To fully realise the potential of AID in the future, significant headwinds are necessary to improve access to AID system clinical trials, allowing for the inclusion of minority populations, who have not previously enjoyed access to diabetes technologies. The CREATE trial will only recruit people with diabetes already on insulin pump therapy as a safety measure, however this may well make it difficult to recruit the desired indigenous cohort since they have poorer metabolic outcomes [53], and as a result of this are denied access to insulin pump therapy [26, 54]. Future AID studies allowing for recruitment of people with T1D using multiple daily injections would render pre-determined criteria for accessing insulin pumps (such as having an HbA1c < 91 mmol/mol) obsolete for research purposes.

The global Covid-19 pandemic emerged in the lead up to recruiting CREATE trial participants, and although New Zealand has fared well thus far, the country has entered a state of lock down, and the trial sponsor, the University of Otago has interrupted all human subject research.

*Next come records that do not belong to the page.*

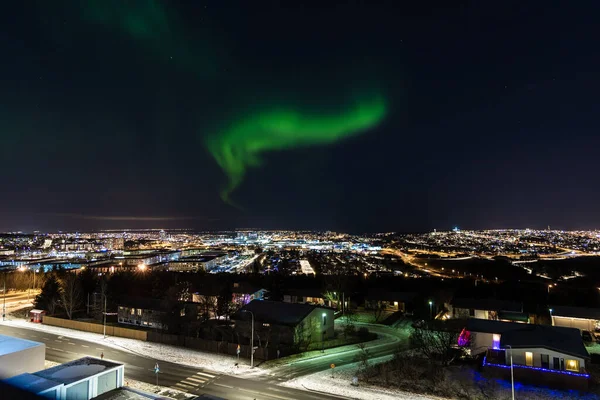 Mesmerizing Shot Northern Lights Reykjavik Iceland — Stock Photo, Image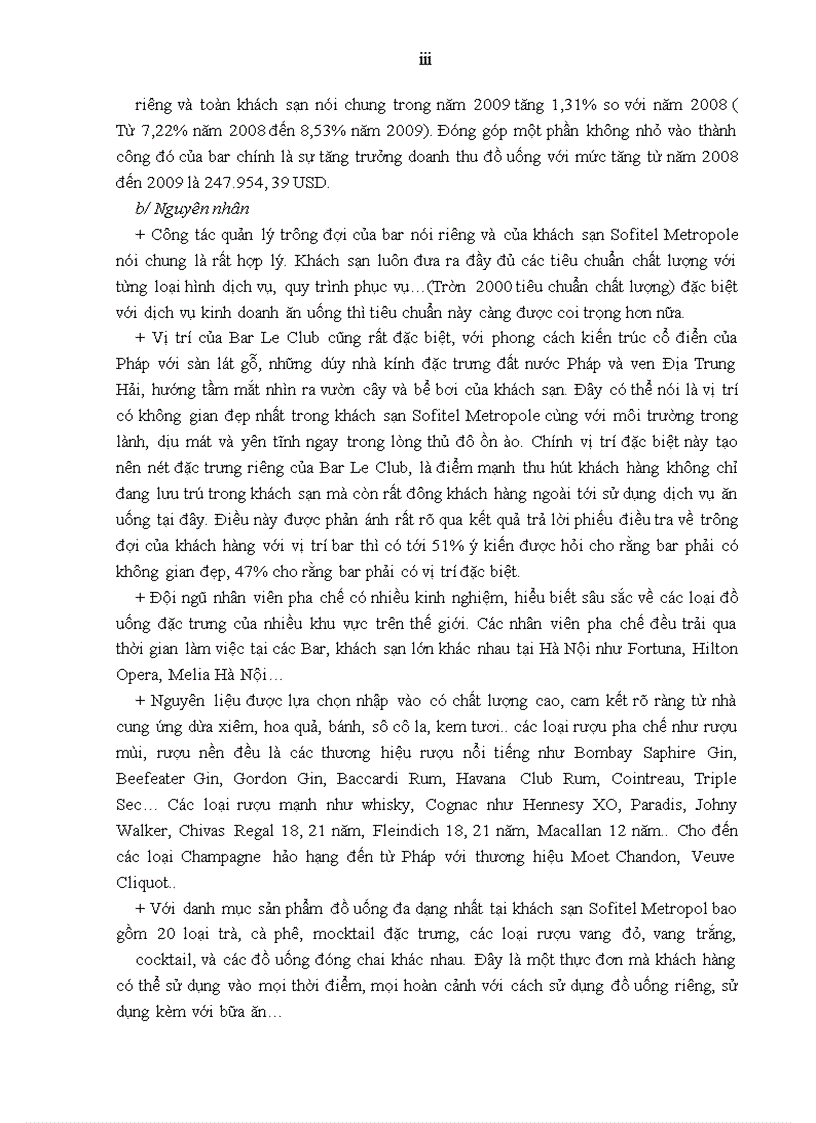 image for page Giải pháp nâng cao chất lượng dịch vụ tại Bar Le Club thuộc khách sạn Sofitel Metropole Hà Nội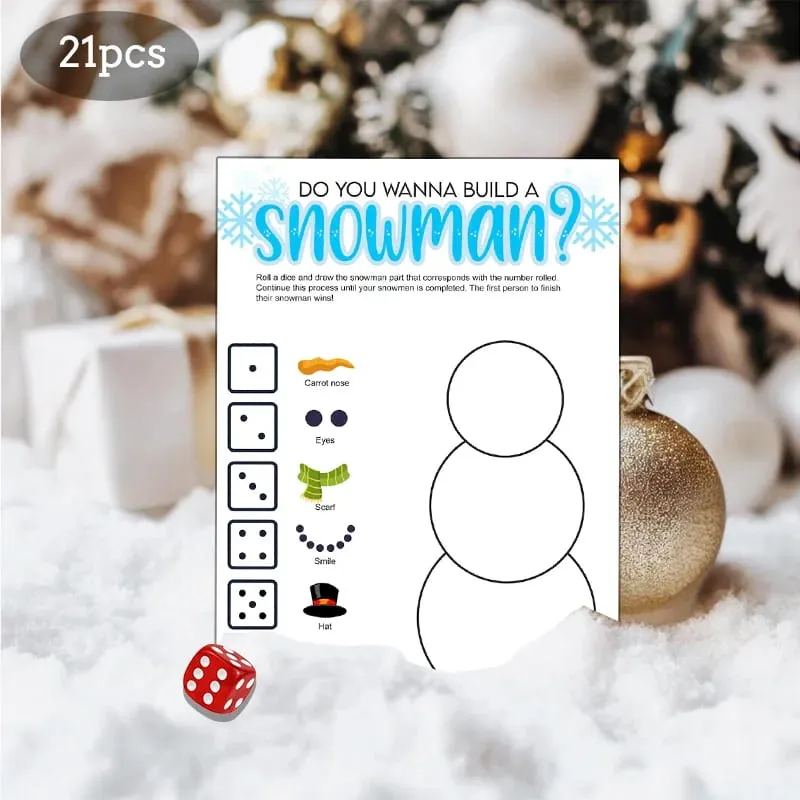 21 pçs natal rolar um boneco de neve cartas de jogo conjunto de jogo de rolamento de dados jogo de desenho de boneco de neve festa de família e jogo de festa de férias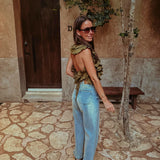 ALONDRA KHAKI RUFFLE BLOUSE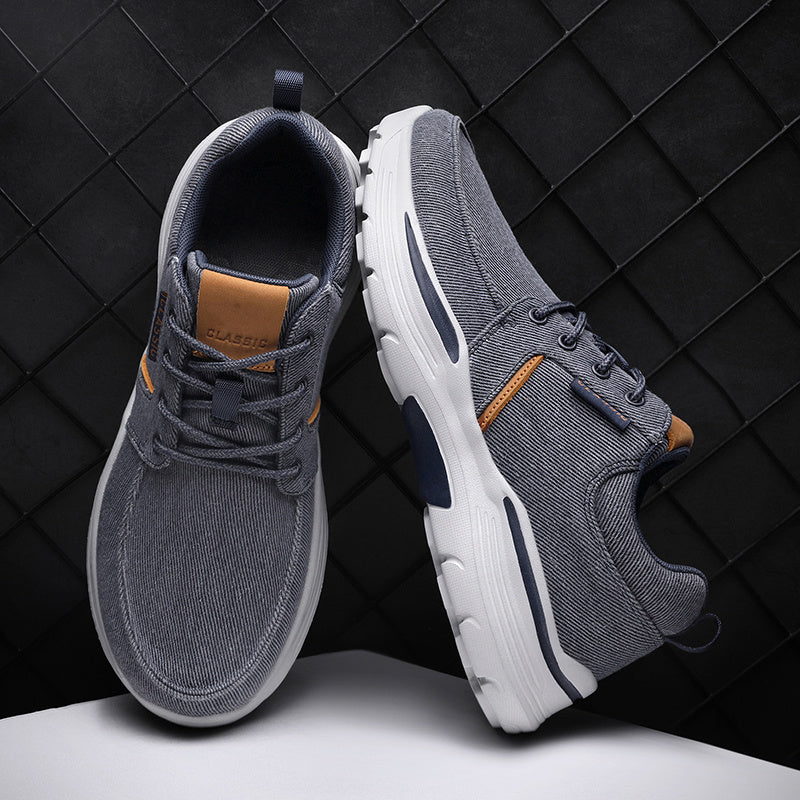 Plus Size Wide Fit Men's Lace-Up Loafers, Men's Canvas Lightweight Comfortable Walking Shoes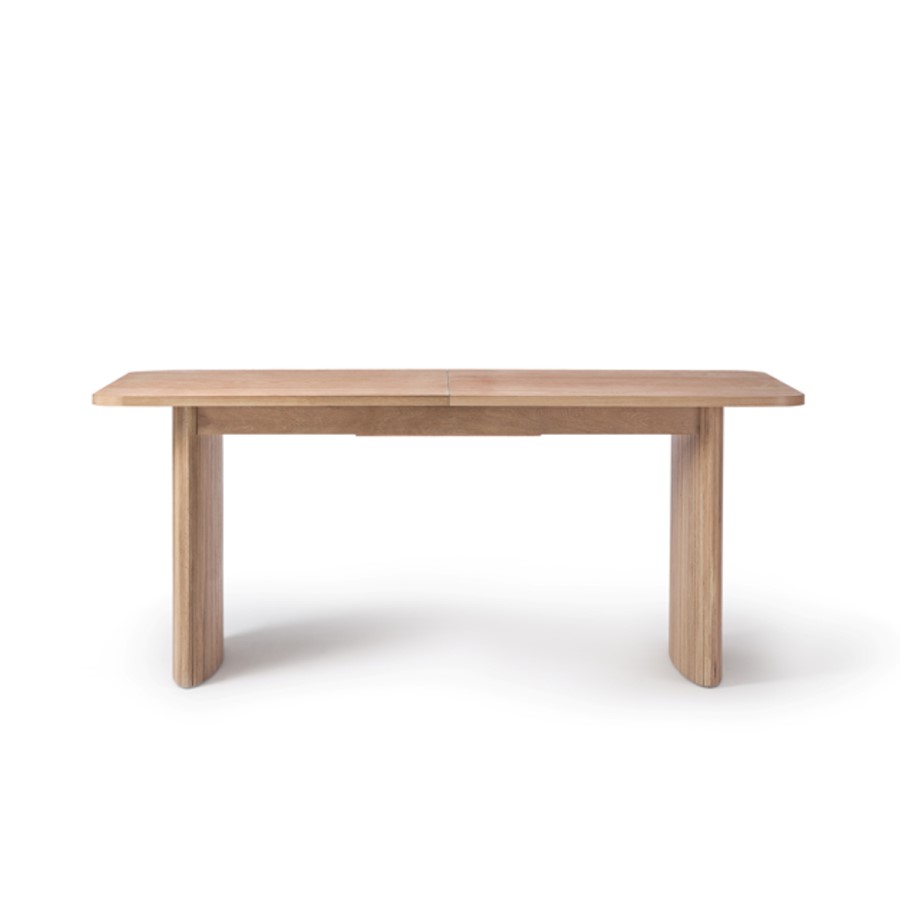 Large Rectangular Light Oak Extendable Dining Table Set with 6 White Boucle Chairs - Seats 6 - Jarel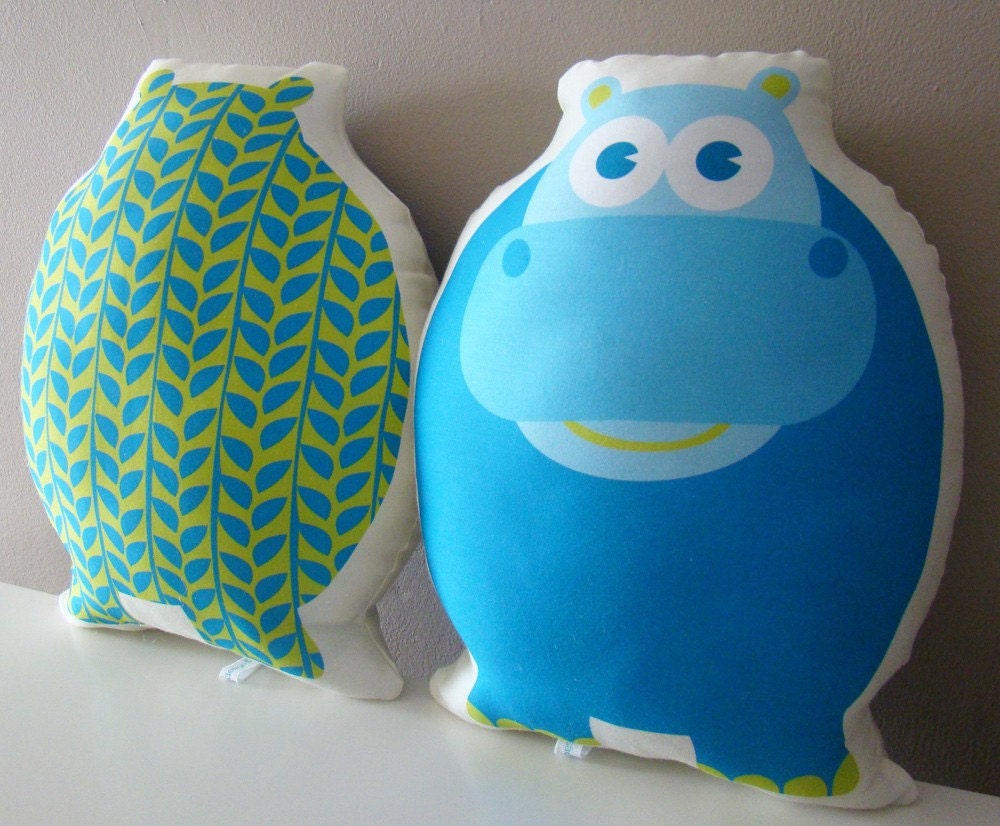Organic Hippo Pillow Friend -blue aqua- perfect for nursery - large size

Currently, it is obvious study recruitment will be deferred, but by how long is undecided. The CREATE study team feel strongly the initial study visit must be in-person since this is when the baseline tasks are performed and participants are taught the fundamentals. However, subsequent visits could be conducted in a remote manner harnessing the advantages of Nightscout. Virtual Paediatric T1D clinics using Zoom, have already proven to be successful in the primary study site during Covid-19, and so remote reviews are both appealing and feasible in the event of continued pandemic adjournment.